Raytheon, the maker of the Patriot, guarantees the missile can be kept on hot alert for six months and still work when fired. But the Army had kept its Patriots on hot alert for much longer than six months -- years, in some cases -- and parts were beginning to fail at an alarming rate. Ten days ago, the Army decided it couldn't trust the missiles any longer. Working in secret, it replaced the hundreds of Patriots kept on alert with missiles out of its war reserve stocks.
Kern says, We quietly swapped out those missiles and that was completed (Tuesday).
The Army is not sure how much it will cost to fix the bad missiles, but the parts alone cost $100,000 a missile, and there are several hundred.

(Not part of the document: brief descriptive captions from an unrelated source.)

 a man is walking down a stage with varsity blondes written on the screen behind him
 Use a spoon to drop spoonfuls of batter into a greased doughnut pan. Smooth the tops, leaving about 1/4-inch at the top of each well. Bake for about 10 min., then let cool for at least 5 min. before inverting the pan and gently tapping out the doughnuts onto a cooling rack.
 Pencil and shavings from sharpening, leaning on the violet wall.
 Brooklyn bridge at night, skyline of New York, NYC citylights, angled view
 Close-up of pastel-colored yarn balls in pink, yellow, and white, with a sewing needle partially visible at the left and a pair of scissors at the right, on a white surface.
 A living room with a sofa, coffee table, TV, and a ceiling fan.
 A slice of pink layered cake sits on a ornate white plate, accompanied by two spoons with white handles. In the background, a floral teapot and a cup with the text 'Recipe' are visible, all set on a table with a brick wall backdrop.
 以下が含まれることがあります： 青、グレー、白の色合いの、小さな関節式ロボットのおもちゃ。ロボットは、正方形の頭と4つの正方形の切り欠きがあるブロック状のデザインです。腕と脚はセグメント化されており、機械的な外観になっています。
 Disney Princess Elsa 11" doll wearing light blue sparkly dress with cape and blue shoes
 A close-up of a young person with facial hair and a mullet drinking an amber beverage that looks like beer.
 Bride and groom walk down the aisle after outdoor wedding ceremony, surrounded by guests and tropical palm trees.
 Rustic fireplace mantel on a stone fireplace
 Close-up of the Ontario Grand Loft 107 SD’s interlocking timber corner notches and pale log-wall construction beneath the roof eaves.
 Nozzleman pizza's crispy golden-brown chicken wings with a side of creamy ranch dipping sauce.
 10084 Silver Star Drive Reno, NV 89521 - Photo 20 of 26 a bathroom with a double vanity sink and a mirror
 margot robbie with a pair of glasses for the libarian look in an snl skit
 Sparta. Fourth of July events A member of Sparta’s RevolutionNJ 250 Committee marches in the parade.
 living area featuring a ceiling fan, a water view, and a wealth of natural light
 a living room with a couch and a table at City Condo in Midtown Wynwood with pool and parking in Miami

Seven other countries also rely on the Patriot. The Army has now notified them of the problem -- but not until after it had first replaced all of its own Patriots.
Asked why Israel, Saudi Arabia, Kuwait, the Netherlands, Germany, Japan and Taiwan were not told about the possible vulnerability of their Patriot missiles, Kern replied: We did what we thought was a very fair assessment of keeping the security of our forces and or allies in check, and we think we did it the right way.
The Patriot is used to defend against aircraft and short-range ballistic missiles at medium and high altitudes. An upgraded version, called the PAC-3, is being developed to provide a greater capability against short-range missiles. Kern said the PAC-3 version is expected to be ready for use next year.